━━━ Material provided
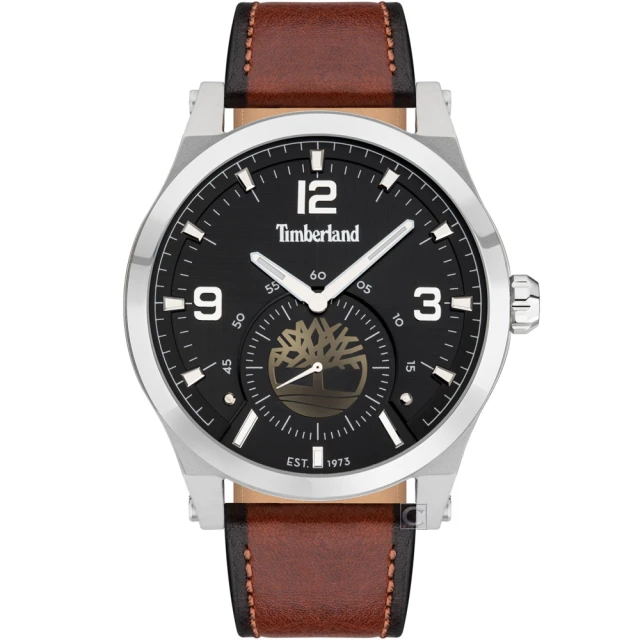 Timberland 天柏嵐 小秒針時尚腕錶-48mm(TB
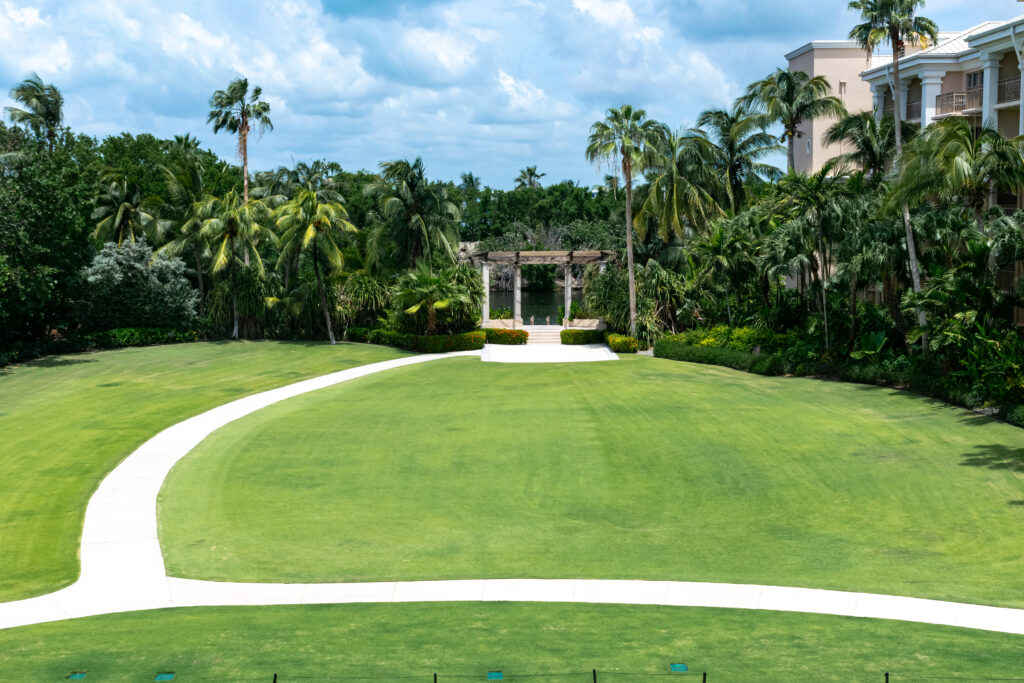 Pátio usado para casamentos no The Ritz-Carlton, Grand Cayman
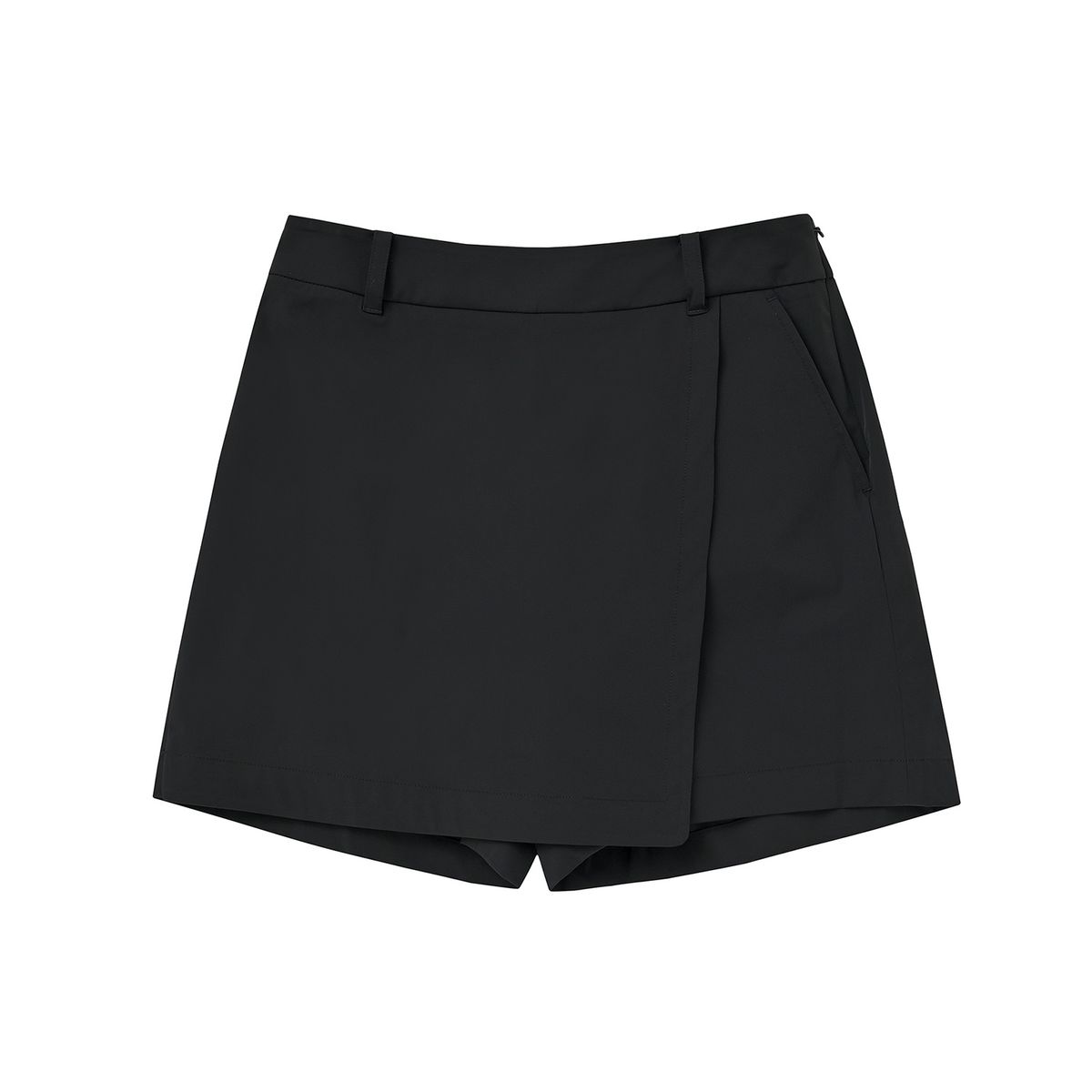 마틴골프(MARTINE GOLF) Stretch Wrap Shorts_Black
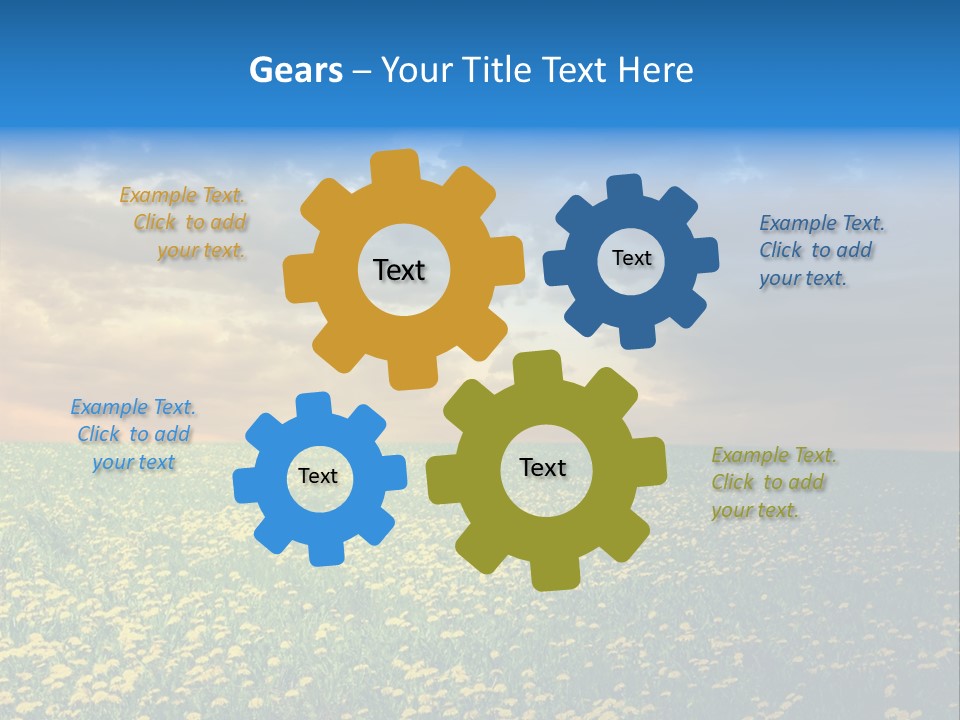 Weather Plant Dandelions PowerPoint Template
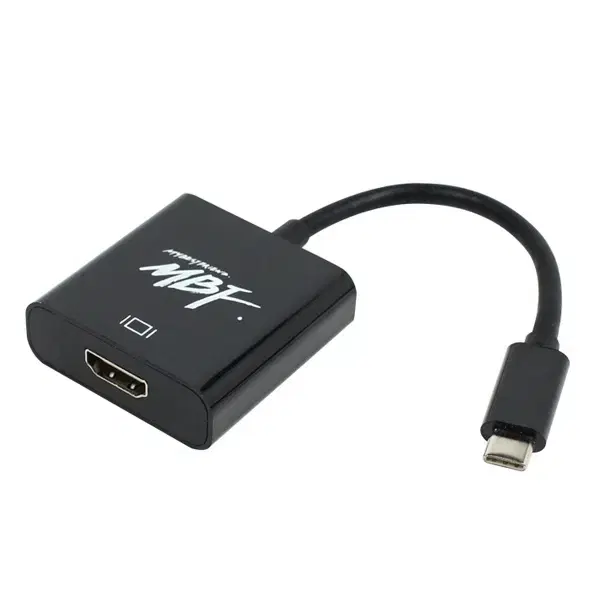 USB C 타입 to HDMI 화면 변환 케이블형 컨버터 블랙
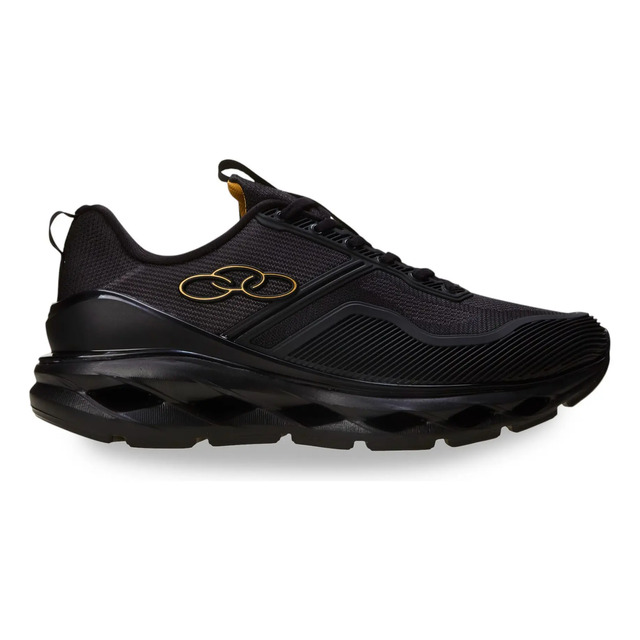 Tênis Olympikus Masculino Gama Preto/preto Lisa 40 Br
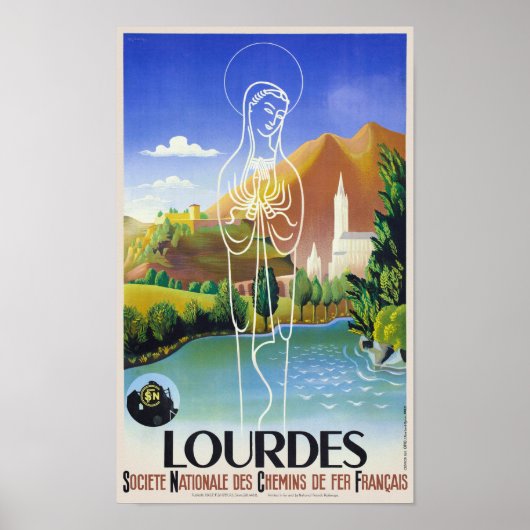 Lourdes France Poster vintage 1939 (Devant)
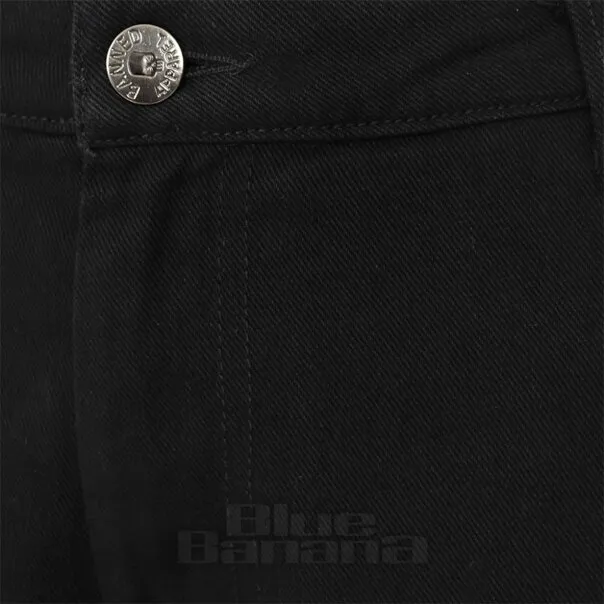 Banned Pantalones De Pierna Ancha Denim (Negro)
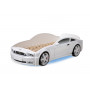 Кровать-машина объемная "Мустанг" 3D белый Кровати машины купить в Детскиекроватки.рф номер фото 3 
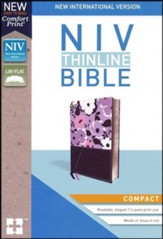 NIV Thinline Bible Compact Purple, Imitation Leather - Slightly Imperfect
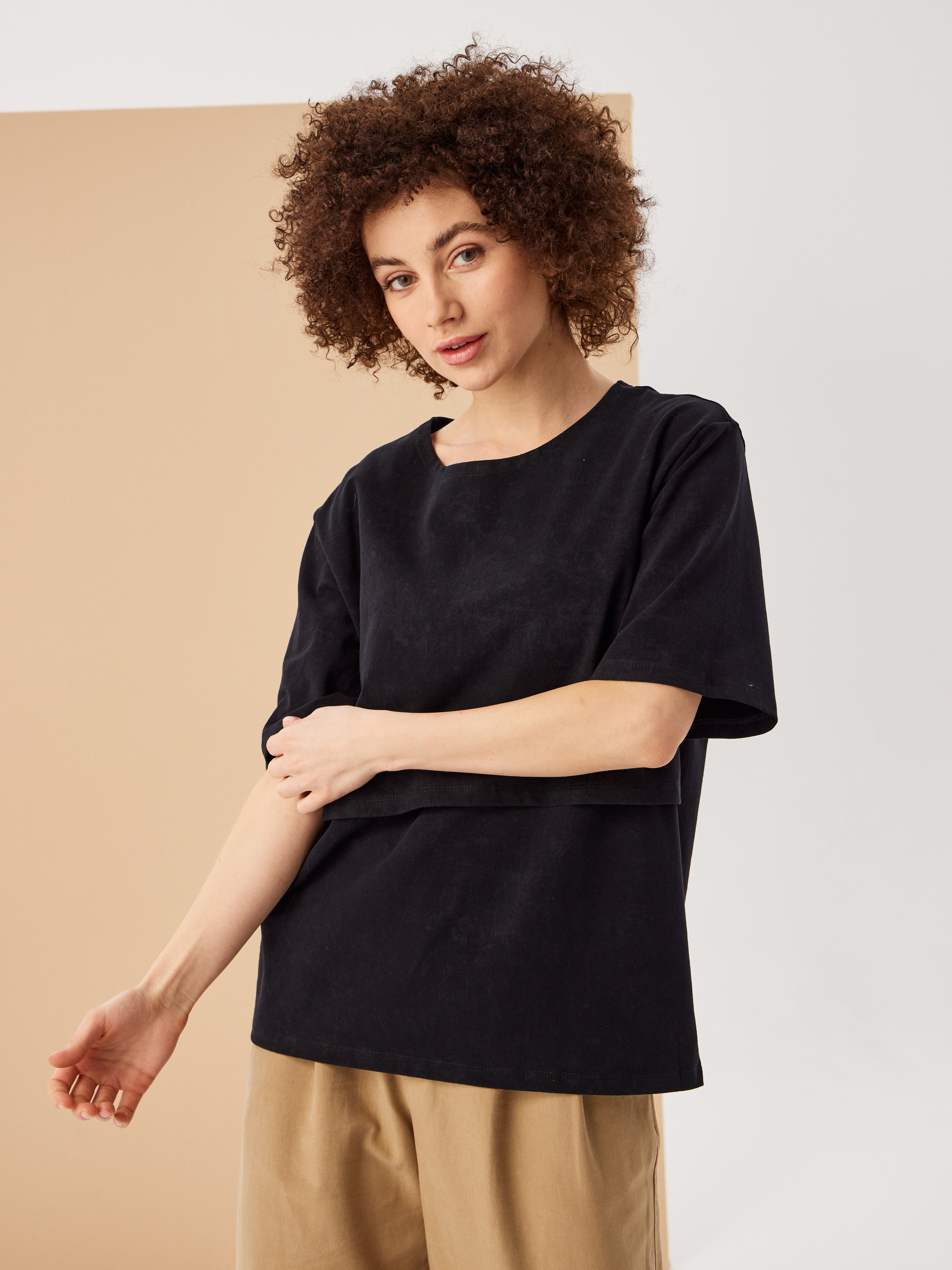 Футболка для кормящих Proud Mom ФВАР-0300-черный - фото 3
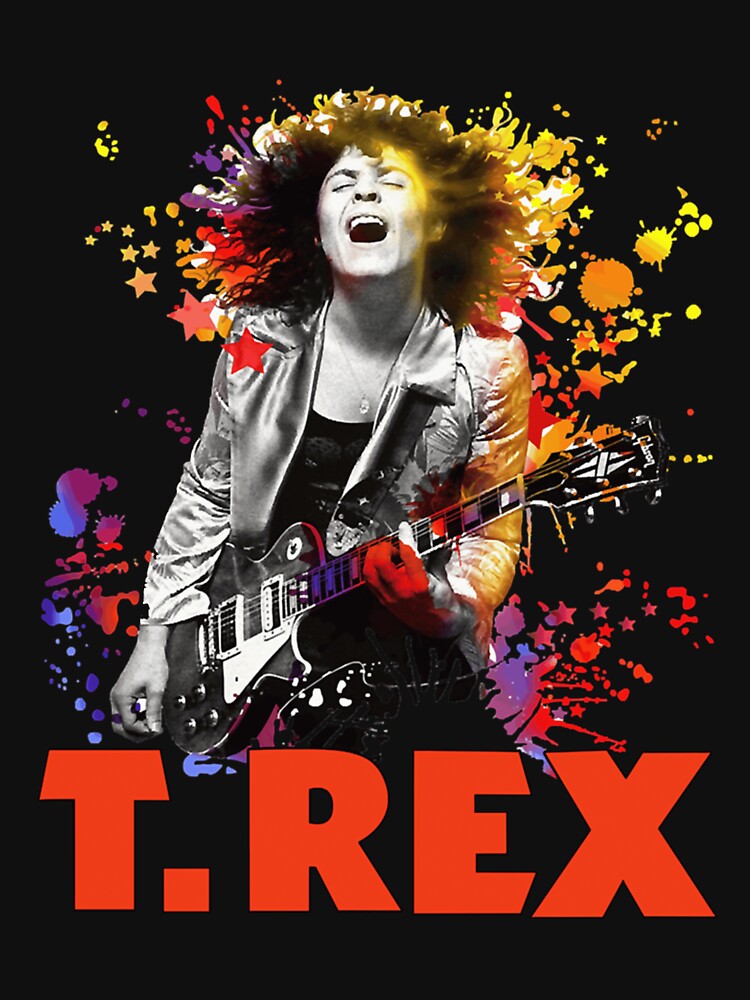 T Rex Marc Bolan Live Guitar Portrait Shirt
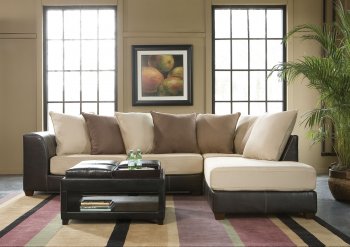 Scatter Back Contemporary Sectional Sofa w/Microfiber Seats [HLSS-U313]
━━━━━━
**Task instructions:**
Pictures are to be left out while the lines from the beginning of the records through the line with "Banned Pantalones De" are copied word for word.

**Answer for this exercise:**
 Timberland 天柏嵐 小秒針時尚腕錶-48mm(TB
 Pátio usado para casamentos no The Ritz-Carlton, Grand Cayman
 마틴골프(MARTINE GOLF) Stretch Wrap Shorts_Black
 Weather Plant Dandelions PowerPoint Template
 USB C 타입 to HDMI 화면 변환 케이블형 컨버터 블랙
 Tênis Olympikus Masculino Gama Preto/preto Lisa 40 Br
 Lourdes France Poster vintage 1939 (Devant)
 Banned Pantalones De Pierna Ancha Denim (Negro)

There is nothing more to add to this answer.